2021-08-05T10:11:20.181Z


Taiwan’s Academia Sinica announced that Yu Yingshi, a master of historiography, passed away in the United States on Sunday (August 1) at the age of 91. If it is said that his teacher Qian Mu "calls for the soul of the homeland in his life", Yu Yingshi himself can be said to be "a question in my life."


Taiwan’s Academia Sinica announced that Yu Yingshi, a master of historiography, passed away in the United States on Sunday (August 1) at the age of 91.

If it is said that his teacher Qian Mu "calls for the soul of the homeland all his life," Yu Yingshi himself can be said to be "asking how to be a scholar all his life."


Yu Yingshi's ancestral home is Anhui and was born in Tianjin. He came to Hong Kong in 1949 because of the civil war between the Kuomintang and the Communist Party of China.

In 1955, Yu Yingshi went to the United States to study at Harvard. Under the tutelage of Yang Liansheng, he studied the Eastern Han Dynasty view of life and death and obtained a doctorate in history. He successively taught at the University of Michigan and Harvard University.

"Where I am, China is wherever I am"

Except for the two years when he returned to Hong Kong in 1973 as the Dean of the New Asia Book Academy and the Vice President of the Chinese University of Hong Kong, Yu Yingshi spent most of his academic career in the United States and eventually passed away in the United States.

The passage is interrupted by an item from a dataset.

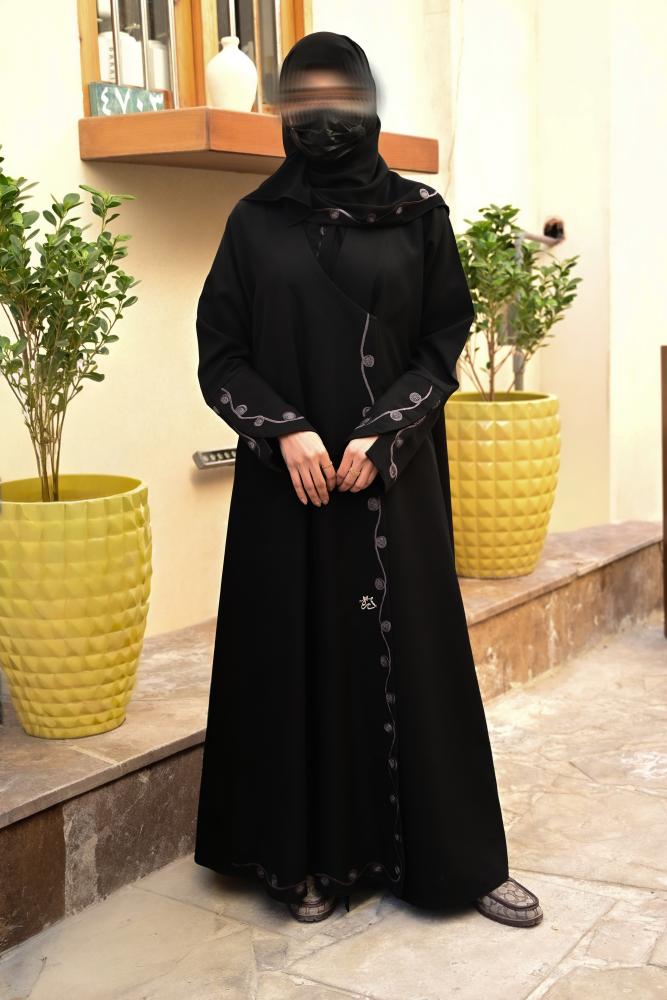 عباية S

For such a Chinese-American, it is unclear whether it is appropriate to call him "traveling in the United States," but it is certain that he has lived as a Chinese throughout his life.

Many years after Yu Yingshi left his hometown, he once said, "Where am I, where is China." The famous saying is still well-known.

It separates China from the geographical concept and becomes a cultural subject, trying to find a new definition for China.

Yu Yingshi's thought of denationalization is not only because he has left mainland China in his early years, but also related to his personal experience.

He once explained that after he was admitted to Harvard University in 1955, the Taiwanese Kuomintang government refused to issue a ROC passport, so that he wanted to enter the United States as a stateless person.

"I didn't have a "country" in my early years, so my thinking was not restricted by a "country"," he is so self-confident.

In 1978, Yu Yingshi returned to mainland China for an academic visit, which was his only time.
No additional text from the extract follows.